**Problem requirements**
Down to the last line, set down the material below exactly; skip the pictures.
==============================
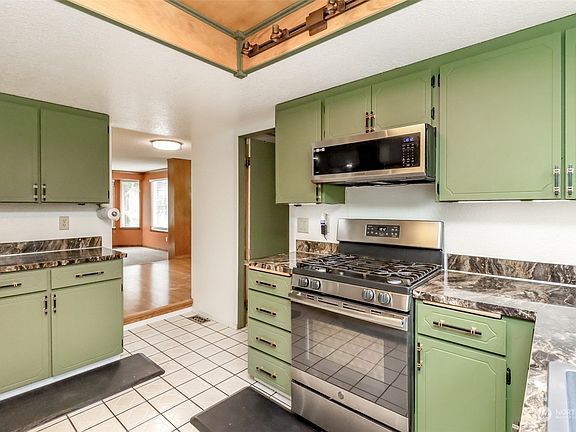 5th image of 8505 162nd Street Ct E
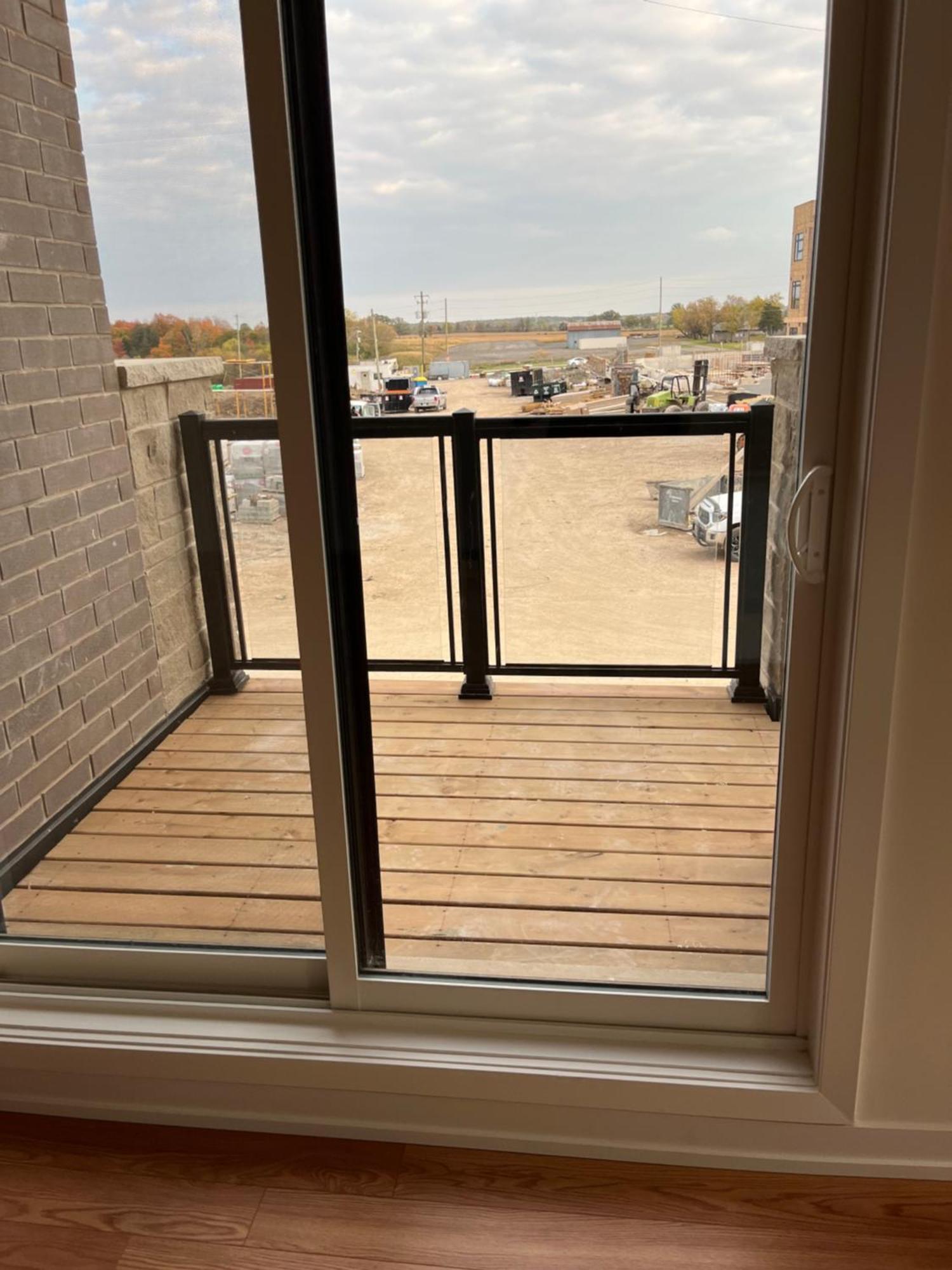 Luxury Brand New Townhouse In Ontario *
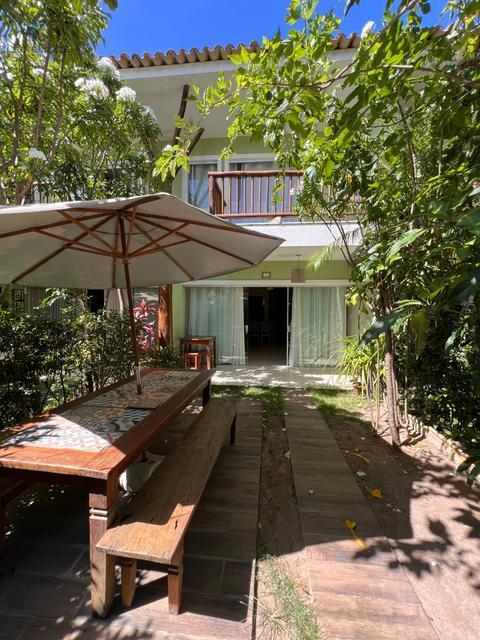 Apartamento Duplex à venda em Camaçari, Guarajuba (Monte Gordo), com 3 suítes, com 120 m²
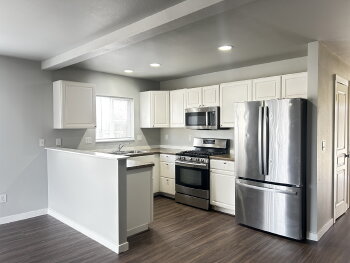 855 NE Larch Avenue - 855 , Redmond,  97756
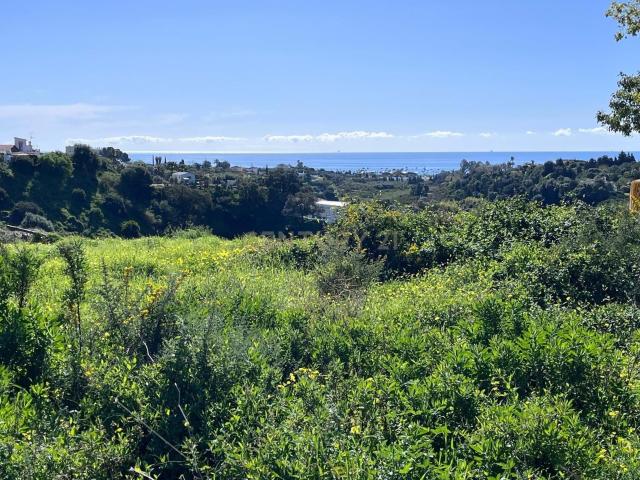 Parcela urbana con espectaculares vistas panorámicas al mar en Estepona
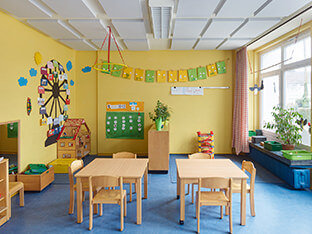 Schalldämpfung mit aixFOAM Akustikelementen FLAT Plus an der Decke eines Kindergartens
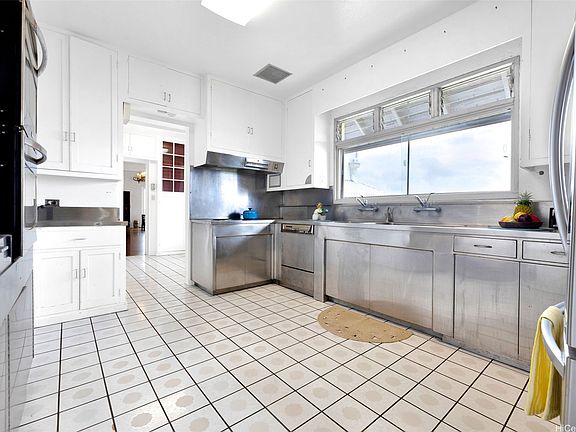 3rd image of 3647 Diamond Head Rd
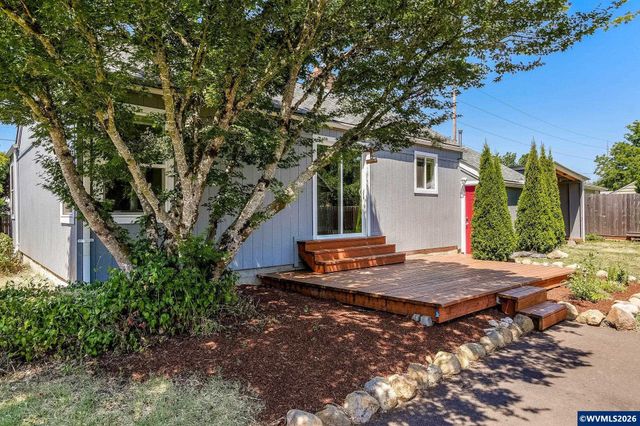 1745 SW 53rd St, Corvallis, OR 97333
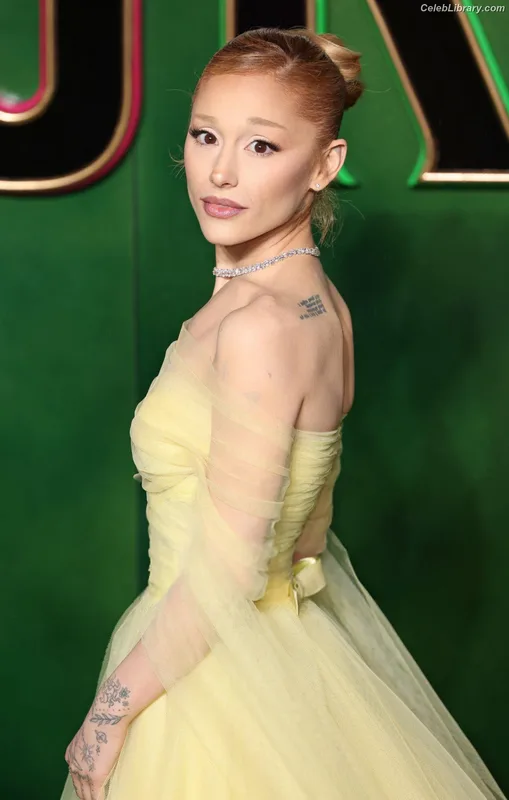 Ariana Grande photo 19 of 3118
==============================
**Exercise response**
 5th image of 8505 162nd Street Ct E
 Luxury Brand New Townhouse In Ontario *
 Apartamento Duplex à venda em Camaçari, Guarajuba (Monte Gordo), com 3 suítes, com 120 m²
 855 NE Larch Avenue - 855 , Redmond,  97756
 Parcela urbana con espectaculares vistas panorámicas al mar en Estepona
 Schalldämpfung mit aixFOAM Akustikelementen FLAT Plus an der Decke eines Kindergartens
 3rd image of 3647 Diamond Head Rd
 1745 SW 53rd St, Corvallis, OR 97333
 Ariana Grande photo 19 of 3118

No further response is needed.